También la obra de Macedonio lleva a un callejón sin salida. Por lo demás, no hay que engañarse: sus libros, a excepción de Papeles —pródigo de un humor verbal sin parangón—, resultan profundamente aburridos y su escritura no pasa de ser una prescindible y pintoresca aventura personal. Es fácil pronosticar que sus trabajos inéditos habrán de reincidir —valga el futuro— en una atonía de esta índole.

En cambio, seguiremos aceptando el mito de Macedonio porque vivimos el momento de los mitos privados y de las glorias ascéticas, con un grado de convicción tal que sólo puede ser alcanzado por una sociedad satisfecha y ahita. Si Macedonio, habiendo escrito exactamente la misma obra y habiendo pronunciado exactamente las mismas frases ingeniosas, hubiese sido estanciero o juez jubilado en vez del "vagabundo metafísico" y del mísero poblador de pensiones baratas que fue, seguramente su reconocimiento actual sería mucho menor. Como ocurre con el culto de las figuras y de los géneros "menores" (citemos únicamente, en el terreno literario, la recuperación justa pero desmesurada de Felisberto Hernández y la sobreestimación de artesanos de la narrativa policial como Chandler y Hammett), en el caso de Macedonio se trata de un mito para el consumo, pero destinado a consumidores refinados, capaces asimismo de gustar un buen vino.

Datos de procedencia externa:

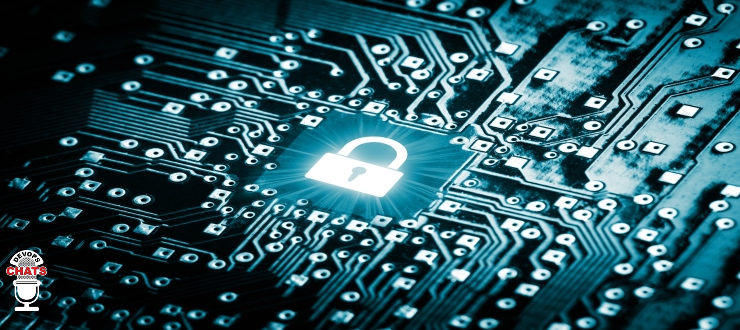 DevOps Chats - Swiss, Simple Secure Collaboration with Adeya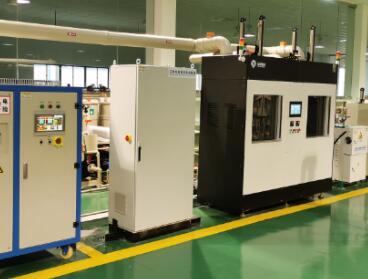 攝影與機(jī)床制造 158機(jī)床網(wǎng)上的視覺藝術(shù)探索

Añadamos una última tentación a la que, con su fatigoso paralelismo, da comienzo a este artículo. Un cuarto de siglo después de Lugones y Macedonio —la matemática distancia de una generación— nace Jorge Luis Borges. ¿Cómo no ceder a la sugerente idea de una síntesis? No hay duda de que las dos figuras de nuestra literatura que más gravitaron sobre Borges, sea a través del fervor o del rechazo, fueron Macedonio y Lugones. Es muy evidente que la escritura de Borges —que incluye una discusión sobre la posibilidad misma de la escritura y sus fraudes— tiene una cuantiosa deuda de tono, de reticencias, de ceñimiento, con las mejores páginas de Macedonio. Por otra parte, ¿cómo negar que el mito oficial de Borges, su fama inevitable, lo acercan cada vez más a Lugones? Borges es a la vez fascista —tal como entendemos hoy esta palabra— y anarquista. Borges es, sin duda, nuestro escritor (o Escritor) más completo.